### [Exercise prompt]
Every entry below should be reproduced exactly, with all pictures left out.

-- Opening Marker --

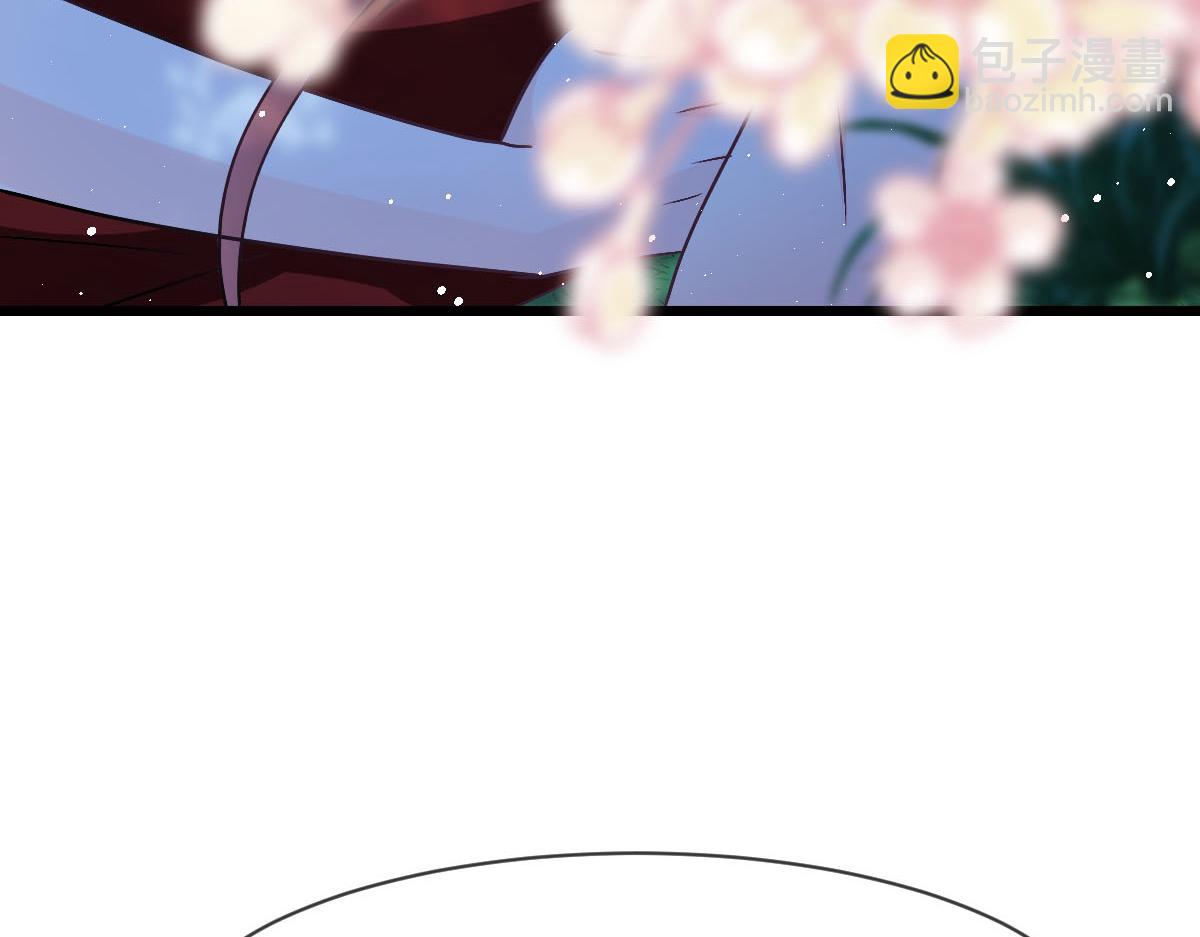 🍟魔神的新娘 168 认命了，逃不开你了 第49页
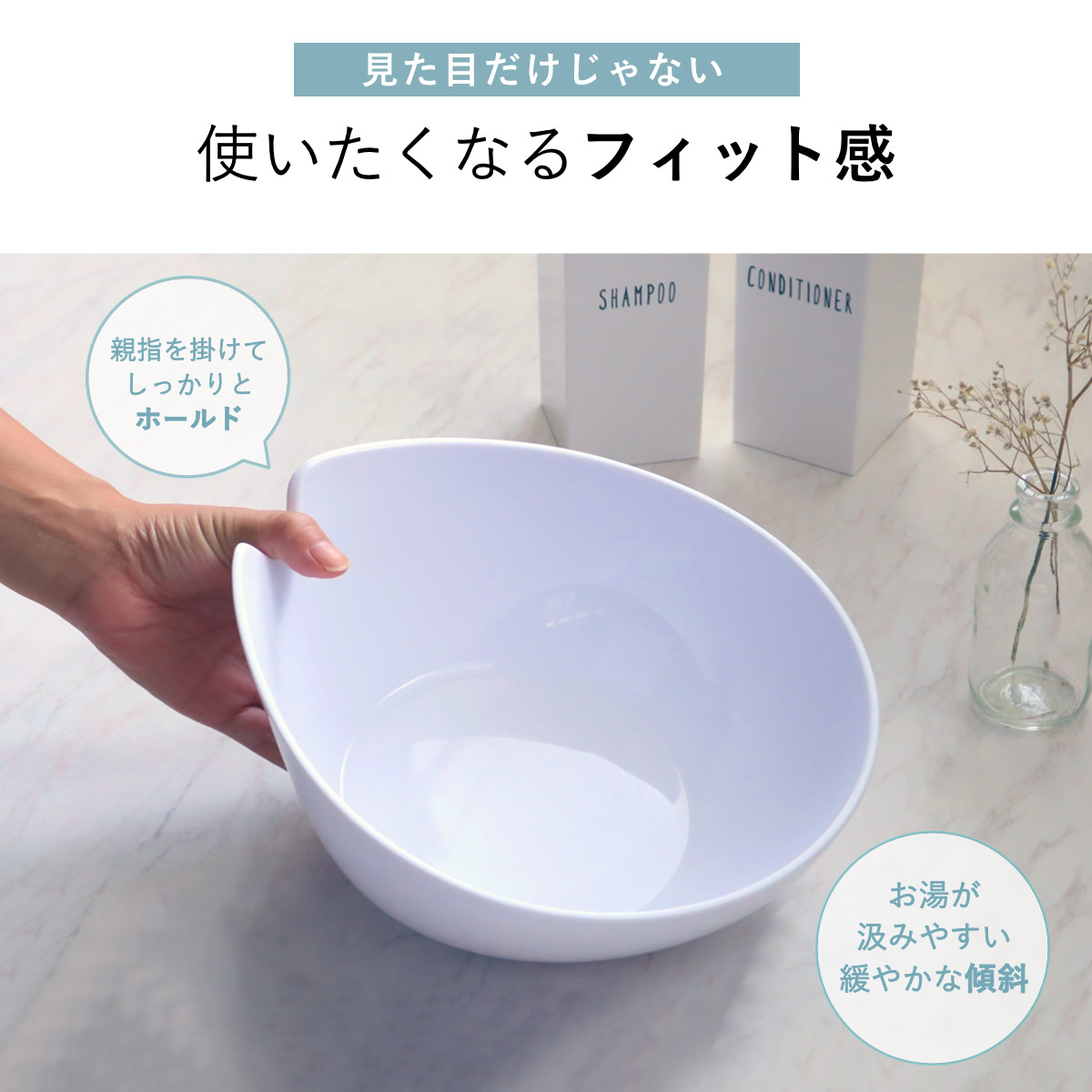 風呂椅子 30cm 湯桶 手桶 3点セット ヒューバス バススツール×ウォッシュボール×ハンディーボール 日本製 ( 風呂いす 洗面器 風呂おけ バスチェア HUBATH バスチェアー お風呂椅子 お風呂イス 高さ 30 コの字 防カビ 滑り止め ) 【グレイッシュブルー】 グレイッシュブルー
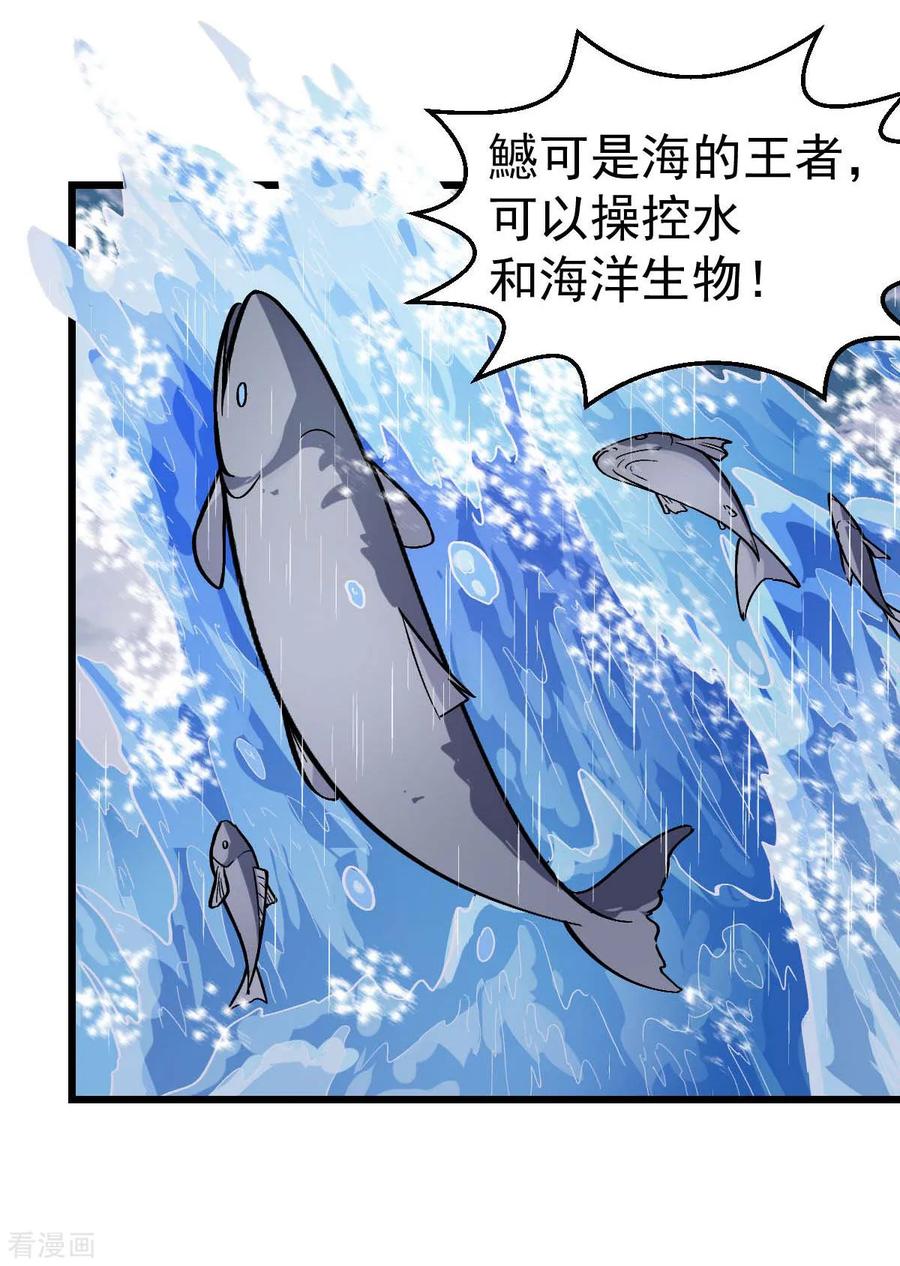 Crazy Professor In School Campus Ch.108 p8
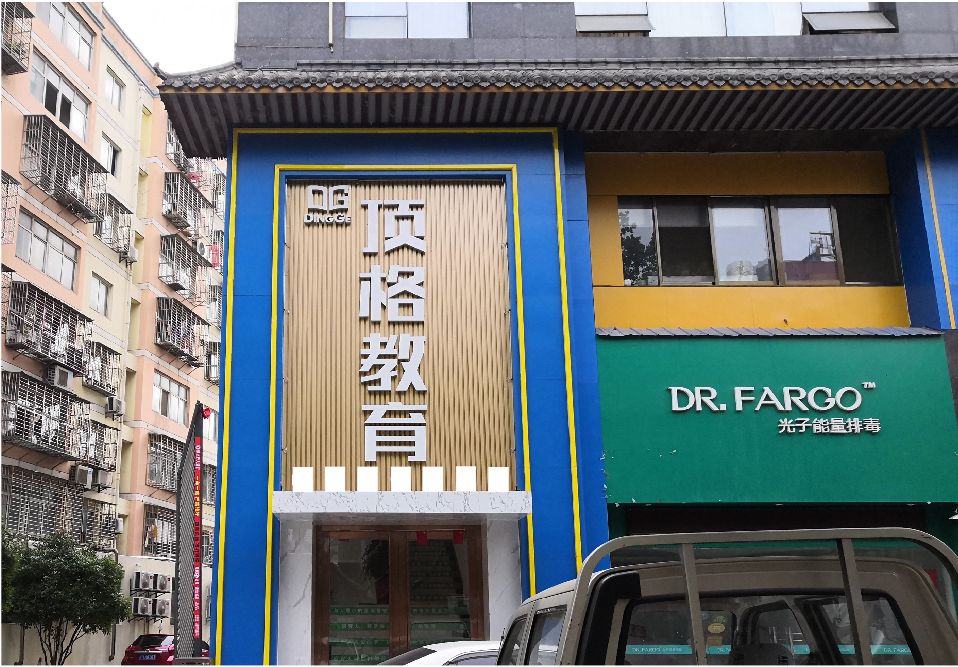 渭南门头设计要符合门店特色。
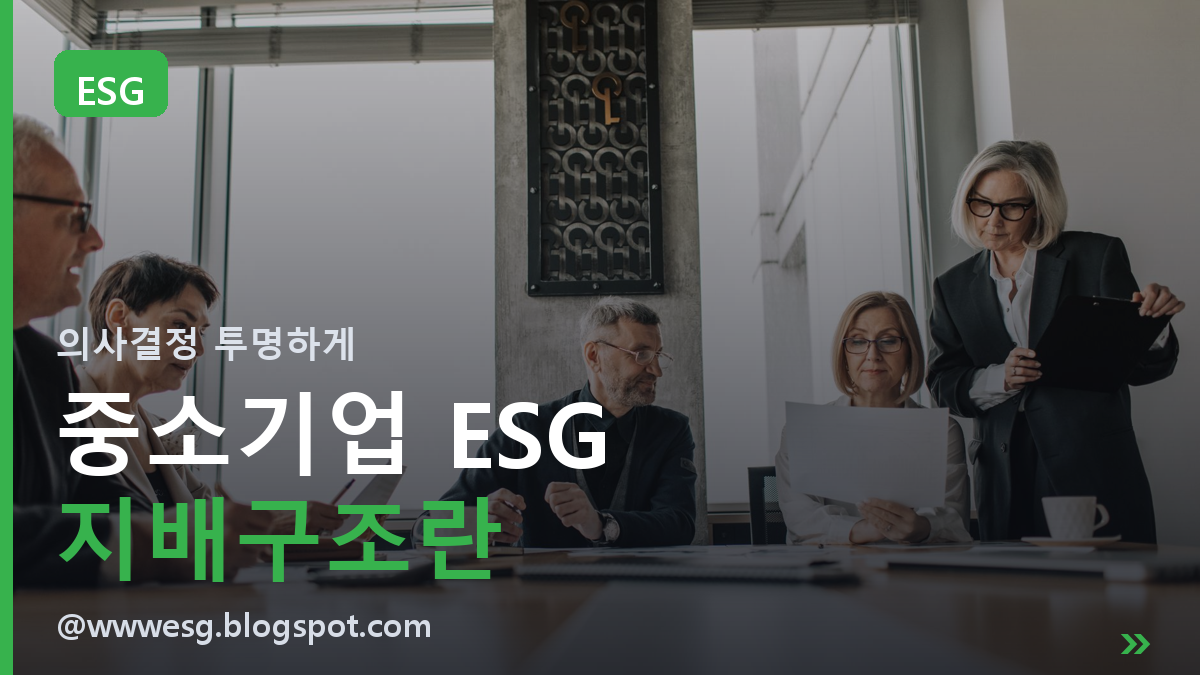 중소기업 ESG 지배구조, 의사결정과 승인 절차를 투명하게 만드는 방법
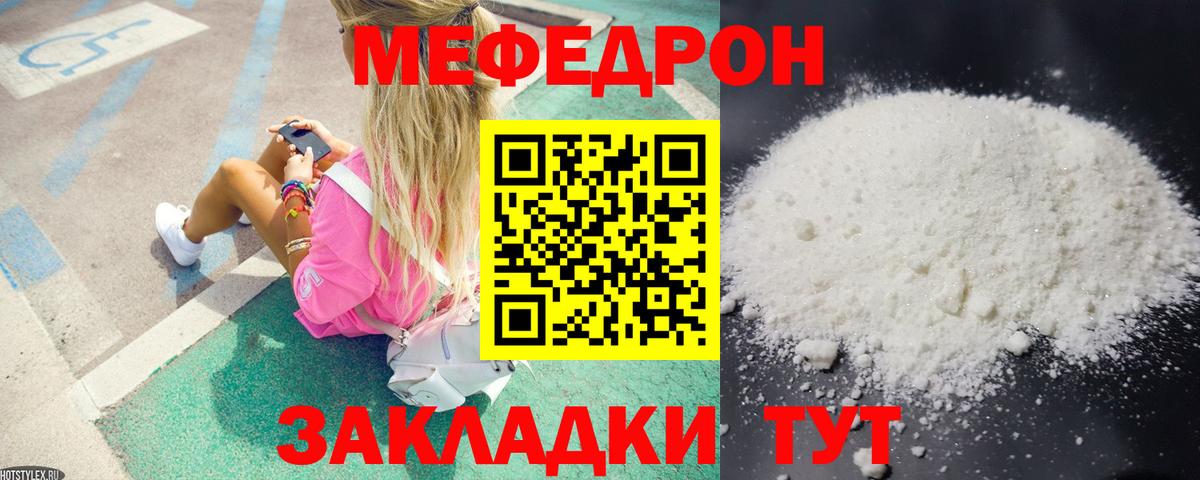 Октябрьский  МЯУ-МЯУ  МЕФ  Мефедрон кристаллы  Вход с VPN 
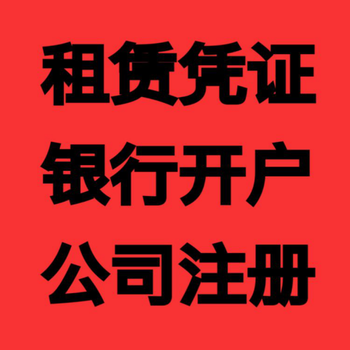 宝安租赁凭证出租，可地址托管！实际办公场地！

-- Closing Marker --

### [Written response]
 🍟魔神的新娘 168 认命了，逃不开你了 第49页
 風呂椅子 30cm 湯桶 手桶 3点セット ヒューバス バススツール×ウォッシュボール×ハンディーボール 日本製 ( 風呂いす 洗面器 風呂おけ バスチェア HUBATH バスチェアー お風呂椅子 お風呂イス 高さ 30 コの字 防カビ 滑り止め ) 【グレイッシュブルー】 グレイッシュブルー
 Crazy Professor In School Campus Ch.108 p8
 渭南门头设计要符合门店特色。
 중소기업 ESG 지배구조, 의사결정과 승인 절차를 투명하게 만드는 방법
 Октябрьский  МЯУ-МЯУ  МЕФ  Мефедрон кристаллы  Вход с VPN 
 宝安租赁凭证出租，可地址托管！实际办公场地！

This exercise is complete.